Contrary to what a whole lot of people think, the bible actually celebrates sexuality and sex. That is actually the reason the Bible encourages abstinence and discourages sexual activity outside of marriage. Sex and sexuality aren’t to be avoided because they are shameful or sinful. Rather, according to scripture (namely the controversially beautiful book of Song of Solomon), they are acts and parts of individuals sacred and beautiful enough to be worth saving to express in a setting where they will be valued for what they are worth.
This is the biblical intention of marriage. It is meant not just to be a legal arrangement or a place where it’s finally proper to have sex. Rather, it is meant to be a place where two people don’t just want each others bodies, but desire and follow through to commit to loving each other intentionally for life. It’s what the scripture means when it says that two shall actually become one. It’s a place where they might be wholly honest, completely vulnerable, fully given to one another and know that they are safe there. Sex and sexuality is the physical manifestation and expression of such intimacy, which is why it is both a joyful thing and also something considered so sacred that it ought not to not be treated lightly.

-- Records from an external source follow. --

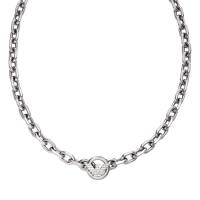 Armani Eagle Logo Halskette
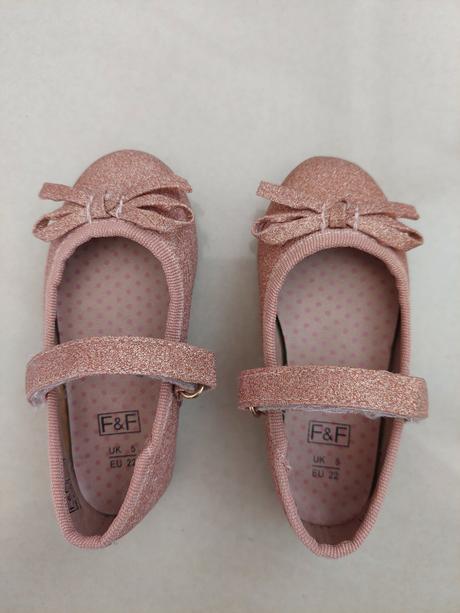 Trblietqve balerinky, f&f,22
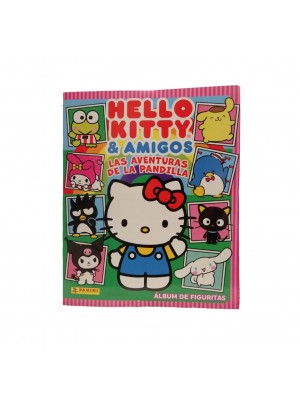 Álbum Hello Kitty & amigos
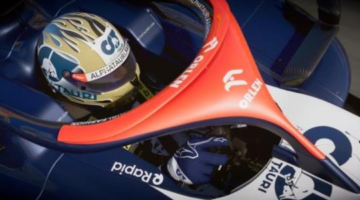 New F1 World and Pro Challenges content hit F1 23 as Daniel Ricciardo takes a seat
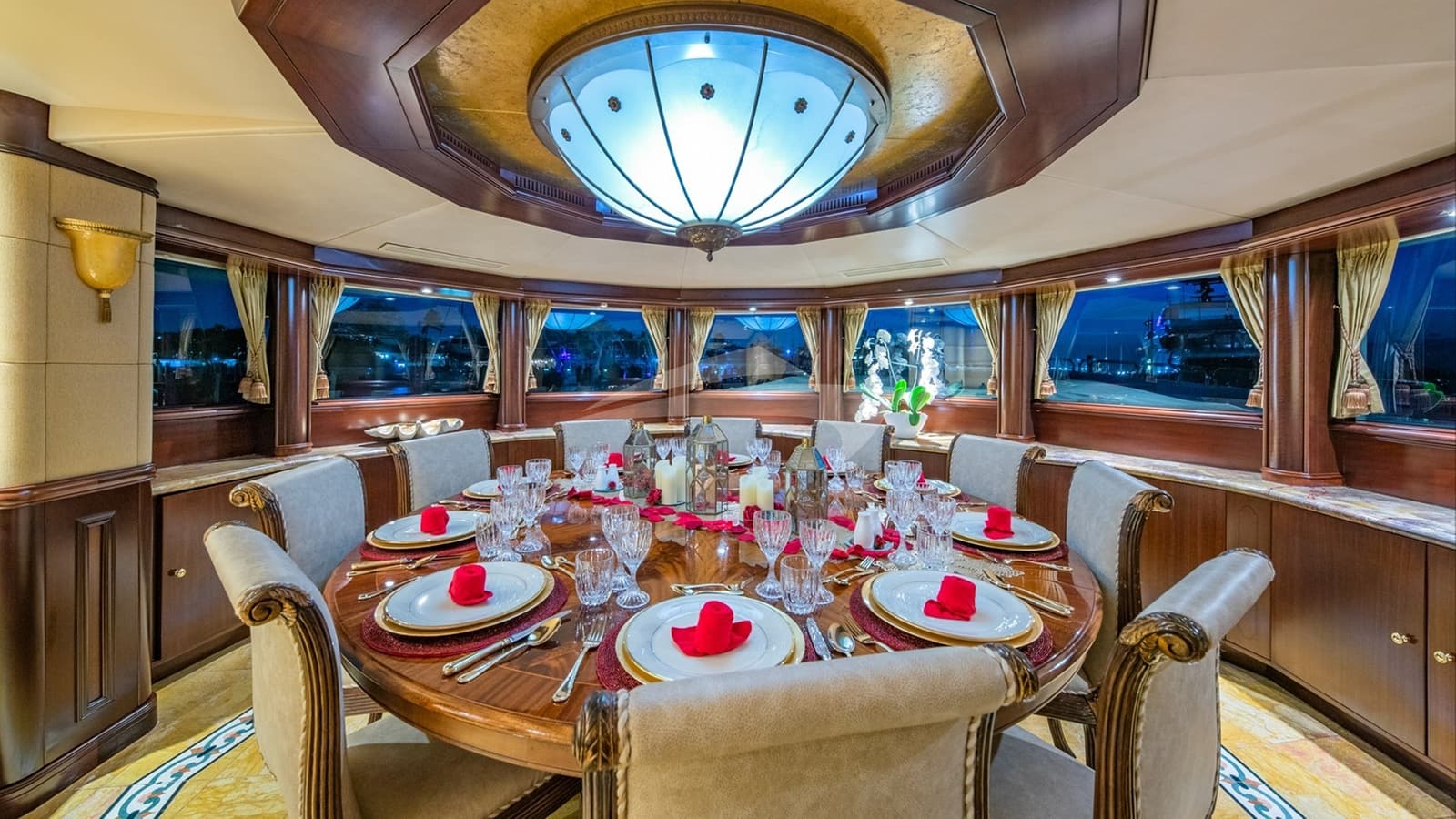 STARSHIP, photo from the yacht portfolio 22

Ultimately, marriage, according to the Bible, is actually meant to reflect the relationship between Christ and the Church. There is no other religion where God became human in order personally reach out to heal the people he loved, and to give his life as a sacrifice that they “might be with him” (John 17:24) In response, purity of heart — following Christ alone — for Christians was therefore meant not to be derived from fear, but in recognition of the fact that Jesus Christ, unlike any other god, found them worth dying for and “loved them till the end.”
This is love: not that we loved God, but that he loved us and sent his Son as an atoning sacrifice for our sins … So we have come to know and to believe the love that God has for us. God is love, and whoever abides in love abides in God, and God abides in him…There is no fear in love, but perfect love casts out fear. For fear has to do with punishment, and whoever fears has not been perfected in love. We love because he first loved us. (1 John 10: 7-19)
“There is, then, a great gulf between the understanding that God accepts us because of our efforts and the understanding that God accepts us because of what Jesus has done. Religion operates on the principle “I obey — therefore I am accepted by God.” But the operating principle of the gospel is “I am accepted by God through what Christ has done —therefore I obey.” (Timothy Keller, The Reason for God)
Thus, sexual purity, likewise, was was never about fear or earning acceptance and love from God or the Church. It was never about being good enough to deserve a spouse or deserving to be loved and valued. Instead, it is about recognizing the worth that has already been attributed to us by God — that He created and set both body and sexual desire apart for marriage not for the purpose of shame, but for the purpose that they might be best experienced in the context of committed relationship, intimacy and affection, for the lofty goal that they might ultimately reflect the affection and commitment He has already shown to us.
This is the actual biblical heart behind sexual purity and abstinence. Sadly, much of the purity culture movement completely missed it, either because churches didn’t understand the heart behind purity, or because they wanted to avoid talking about sexuality.
What a complete and utter tragedy. Because somewhere, lost in translation, is the fact that the heart of purity is not condemnation nor oppression, but love — the heart of God himself all along.